When they had completed this third stage the average of the decisions made by the judges became the cut-off examination marks necessary to achieve each performance band.

These marks were then used to finalise the marks that were to be reported to students. This was done by adjusting the mark that was adjudged to be the borderline between Band 6 and Band 5 to 90, the mark adjudged to be the borderline between Band 4 and Band 5 to 80, and so on. Marks between these borderlines were simply adjusted using linear interpolation.

The final activity undertaken in 2001 was to “capture the standards”. This involved the development of a “Standards Package” for each course. The packages produced on CD-ROM contained the band descriptions, the 2001 examination paper and samples of responses of students at each borderline and other statistical information are collected and incorporated into what is referred to as a Standards Package. The material is presented in such a way that teachers, students and others can most effectively develop a clear understanding of the standards that have been developed for each course.
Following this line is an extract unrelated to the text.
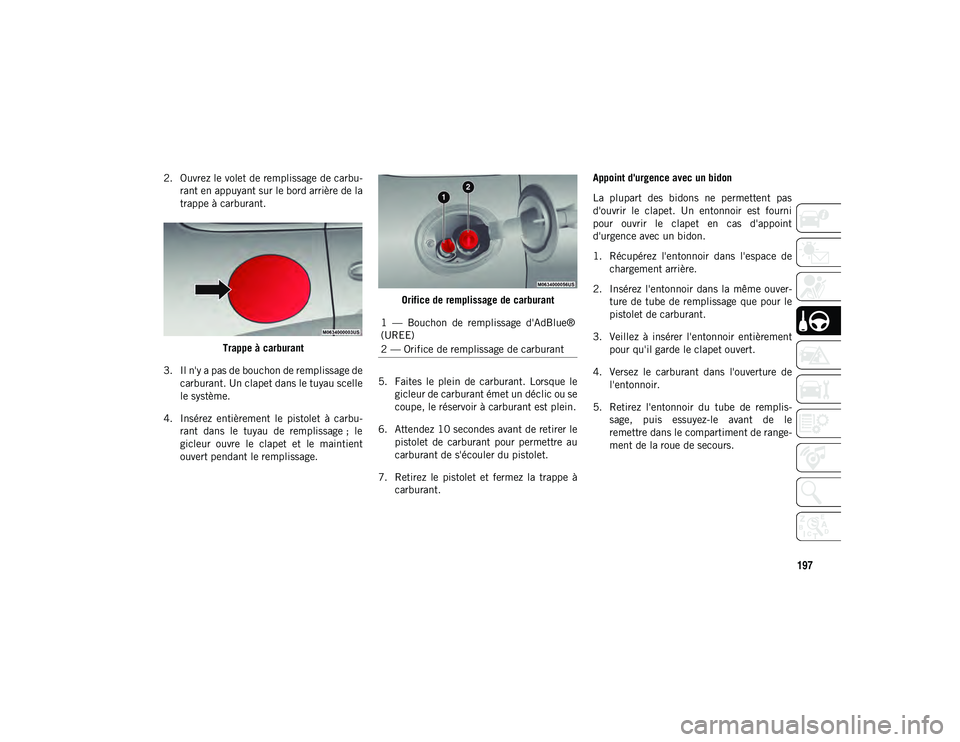 JEEP CHEROKEE 2021  Notice dentretien (in French) 197
2. Ouvrez le volet de remplissage de carbu-rant en appuyant sur le bord arrière de la
trappe à carburant.
Trappe à carburant
3. Il n'y a pas de bouchon de remplissage de carburant. Un clape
The way the procedure operated in subsequent years

The Standards Packages are an essential part of the standard setting procedure for the examinations from 2002. In 2002 and onwards, it has been the job of the teams of judges to become thoroughly familiar with the material and apply the same standards in determining the band cut-off marks in subsequent years. In this way, while the actual cut-off marks may vary from year to year for a number of reasons, the standards used to report students’ achievement will not vary.

Hence, the teams of judges follow basically the same procedure as in the initial year, with the exception that the standards of performance against which they make their judgments are clearly exemplified in the standards packages. That is, they do not simply attempt to visual the standards from the descriptions of the levels of achievement. Essentially the question the judges ask themselves is, “what mark in each question in this year’s examination paper would be achieved by the students at the borderlines of the different performance bands whose works are included in the standards packages?”